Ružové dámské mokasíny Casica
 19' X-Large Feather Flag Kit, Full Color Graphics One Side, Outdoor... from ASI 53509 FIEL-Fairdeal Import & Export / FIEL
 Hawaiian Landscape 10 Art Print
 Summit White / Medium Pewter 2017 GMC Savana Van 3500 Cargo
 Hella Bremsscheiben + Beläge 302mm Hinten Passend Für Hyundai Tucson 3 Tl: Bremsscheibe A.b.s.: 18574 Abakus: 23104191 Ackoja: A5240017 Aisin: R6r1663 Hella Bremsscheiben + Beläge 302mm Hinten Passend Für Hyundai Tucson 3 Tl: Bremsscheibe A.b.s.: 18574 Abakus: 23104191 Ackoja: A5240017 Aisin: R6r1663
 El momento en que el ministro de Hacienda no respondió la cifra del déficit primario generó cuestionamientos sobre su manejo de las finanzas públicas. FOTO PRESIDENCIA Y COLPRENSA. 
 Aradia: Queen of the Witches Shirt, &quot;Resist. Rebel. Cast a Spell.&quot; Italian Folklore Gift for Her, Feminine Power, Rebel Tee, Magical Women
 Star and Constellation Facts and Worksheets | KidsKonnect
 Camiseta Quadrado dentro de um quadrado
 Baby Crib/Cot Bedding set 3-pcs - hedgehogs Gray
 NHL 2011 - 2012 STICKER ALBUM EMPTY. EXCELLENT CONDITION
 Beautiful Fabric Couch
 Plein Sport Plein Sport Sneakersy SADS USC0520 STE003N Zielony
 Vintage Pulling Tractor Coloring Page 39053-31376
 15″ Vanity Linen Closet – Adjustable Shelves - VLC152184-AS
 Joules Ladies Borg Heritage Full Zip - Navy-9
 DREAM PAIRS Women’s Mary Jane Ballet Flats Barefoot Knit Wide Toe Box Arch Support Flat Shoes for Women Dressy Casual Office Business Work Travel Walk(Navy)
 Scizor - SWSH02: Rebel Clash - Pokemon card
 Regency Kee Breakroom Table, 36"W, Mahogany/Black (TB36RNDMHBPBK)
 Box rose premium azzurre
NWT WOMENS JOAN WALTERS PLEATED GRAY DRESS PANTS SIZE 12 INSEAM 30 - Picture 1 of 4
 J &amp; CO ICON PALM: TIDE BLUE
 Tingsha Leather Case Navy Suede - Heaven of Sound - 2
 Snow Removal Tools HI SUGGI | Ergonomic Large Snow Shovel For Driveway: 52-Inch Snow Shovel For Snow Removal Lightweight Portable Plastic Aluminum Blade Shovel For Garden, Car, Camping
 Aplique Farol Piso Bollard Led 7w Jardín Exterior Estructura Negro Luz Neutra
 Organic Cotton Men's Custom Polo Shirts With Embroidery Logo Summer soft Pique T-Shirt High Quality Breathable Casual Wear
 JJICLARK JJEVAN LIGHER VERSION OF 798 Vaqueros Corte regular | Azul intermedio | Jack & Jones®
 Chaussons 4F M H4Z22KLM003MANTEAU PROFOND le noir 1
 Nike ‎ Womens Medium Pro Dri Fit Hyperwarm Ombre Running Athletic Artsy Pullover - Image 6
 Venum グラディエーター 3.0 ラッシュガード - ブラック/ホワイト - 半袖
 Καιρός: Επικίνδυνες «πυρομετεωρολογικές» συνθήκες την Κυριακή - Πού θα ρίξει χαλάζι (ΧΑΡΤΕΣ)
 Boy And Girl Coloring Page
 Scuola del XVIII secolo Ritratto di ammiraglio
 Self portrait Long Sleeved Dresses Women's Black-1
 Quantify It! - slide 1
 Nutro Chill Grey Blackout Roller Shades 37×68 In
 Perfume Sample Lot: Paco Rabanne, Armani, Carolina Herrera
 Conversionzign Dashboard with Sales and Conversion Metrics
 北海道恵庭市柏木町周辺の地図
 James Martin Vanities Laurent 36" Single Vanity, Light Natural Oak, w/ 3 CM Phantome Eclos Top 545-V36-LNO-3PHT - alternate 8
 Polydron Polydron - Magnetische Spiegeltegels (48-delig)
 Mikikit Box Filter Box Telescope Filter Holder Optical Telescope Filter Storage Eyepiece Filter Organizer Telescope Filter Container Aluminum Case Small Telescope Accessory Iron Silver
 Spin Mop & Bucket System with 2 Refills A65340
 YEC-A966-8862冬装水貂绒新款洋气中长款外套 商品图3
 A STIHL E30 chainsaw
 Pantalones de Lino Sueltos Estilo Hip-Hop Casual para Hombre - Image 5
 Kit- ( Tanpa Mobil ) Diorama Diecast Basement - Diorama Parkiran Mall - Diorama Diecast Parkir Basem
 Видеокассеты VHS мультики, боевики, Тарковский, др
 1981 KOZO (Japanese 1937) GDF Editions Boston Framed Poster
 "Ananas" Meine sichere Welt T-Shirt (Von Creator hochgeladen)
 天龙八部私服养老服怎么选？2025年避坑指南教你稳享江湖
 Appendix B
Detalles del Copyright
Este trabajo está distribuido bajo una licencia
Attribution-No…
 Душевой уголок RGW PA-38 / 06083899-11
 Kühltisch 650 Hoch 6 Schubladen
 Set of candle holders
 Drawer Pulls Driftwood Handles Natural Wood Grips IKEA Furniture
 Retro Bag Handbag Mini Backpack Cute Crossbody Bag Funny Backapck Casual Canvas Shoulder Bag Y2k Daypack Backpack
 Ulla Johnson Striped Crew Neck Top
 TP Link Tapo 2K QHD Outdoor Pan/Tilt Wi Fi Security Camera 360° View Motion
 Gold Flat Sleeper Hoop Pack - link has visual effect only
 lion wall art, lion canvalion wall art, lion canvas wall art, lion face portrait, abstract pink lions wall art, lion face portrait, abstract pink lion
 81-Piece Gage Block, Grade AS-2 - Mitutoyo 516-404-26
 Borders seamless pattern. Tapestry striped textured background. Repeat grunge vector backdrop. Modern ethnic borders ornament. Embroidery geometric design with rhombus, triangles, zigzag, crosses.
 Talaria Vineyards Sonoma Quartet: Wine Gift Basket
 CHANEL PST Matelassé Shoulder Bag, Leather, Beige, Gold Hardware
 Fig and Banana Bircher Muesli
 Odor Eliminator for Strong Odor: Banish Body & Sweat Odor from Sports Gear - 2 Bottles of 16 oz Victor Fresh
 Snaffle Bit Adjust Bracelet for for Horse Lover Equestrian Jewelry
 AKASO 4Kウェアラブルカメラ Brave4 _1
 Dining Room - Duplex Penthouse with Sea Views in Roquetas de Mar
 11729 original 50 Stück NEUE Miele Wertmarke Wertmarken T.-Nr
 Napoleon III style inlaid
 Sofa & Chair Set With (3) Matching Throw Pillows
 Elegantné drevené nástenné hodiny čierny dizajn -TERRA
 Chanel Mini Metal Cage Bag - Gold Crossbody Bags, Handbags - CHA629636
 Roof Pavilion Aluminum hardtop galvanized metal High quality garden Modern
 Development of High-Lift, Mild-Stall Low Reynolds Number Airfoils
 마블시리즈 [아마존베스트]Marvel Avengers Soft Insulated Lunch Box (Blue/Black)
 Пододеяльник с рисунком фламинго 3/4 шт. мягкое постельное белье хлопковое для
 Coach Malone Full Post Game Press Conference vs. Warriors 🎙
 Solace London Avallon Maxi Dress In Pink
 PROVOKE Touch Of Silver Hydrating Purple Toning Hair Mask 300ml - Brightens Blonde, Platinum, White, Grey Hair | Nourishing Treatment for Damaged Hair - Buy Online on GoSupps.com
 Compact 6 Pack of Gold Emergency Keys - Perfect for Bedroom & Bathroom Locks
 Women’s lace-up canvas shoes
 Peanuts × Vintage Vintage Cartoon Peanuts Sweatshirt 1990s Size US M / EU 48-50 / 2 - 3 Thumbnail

================================

▸ WORK TASK: Repeat only what lies between the first line of the data and the line containing "15″ Vanity Linen", both of those lines included, exactly as it stands.

▸ TASK RESULT:
Ružové dámské mokasíny Casica
 19' X-Large Feather Flag Kit, Full Color Graphics One Side, Outdoor... from ASI 53509 FIEL-Fairdeal Import & Export / FIEL
 Hawaiian Landscape 10 Art Print
 Summit White / Medium Pewter 2017 GMC Savana Van 3500 Cargo
 Hella Bremsscheiben + Beläge 302mm Hinten Passend Für Hyundai Tucson 3 Tl: Bremsscheibe A.b.s.: 18574 Abakus: 23104191 Ackoja: A5240017 Aisin: R6r1663 Hella Bremsscheiben + Beläge 302mm Hinten Passend Für Hyundai Tucson 3 Tl: Bremsscheibe A.b.s.: 18574 Abakus: 23104191 Ackoja: A5240017 Aisin: R6r1663
 El momento en que el ministro de Hacienda no respondió la cifra del déficit primario generó cuestionamientos sobre su manejo de las finanzas públicas. FOTO PRESIDENCIA Y COLPRENSA. 
 Aradia: Queen of the Witches Shirt, &quot;Resist. Rebel. Cast a Spell.&quot; Italian Folklore Gift for Her, Feminine Power, Rebel Tee, Magical Women
 Star and Constellation Facts and Worksheets | KidsKonnect
 Camiseta Quadrado dentro de um quadrado
 Baby Crib/Cot Bedding set 3-pcs - hedgehogs Gray
 NHL 2011 - 2012 STICKER ALBUM EMPTY. EXCELLENT CONDITION
 Beautiful Fabric Couch
 Plein Sport Plein Sport Sneakersy SADS USC0520 STE003N Zielony
 Vintage Pulling Tractor Coloring Page 39053-31376
 15″ Vanity Linen Closet – Adjustable Shelves - VLC152184-AS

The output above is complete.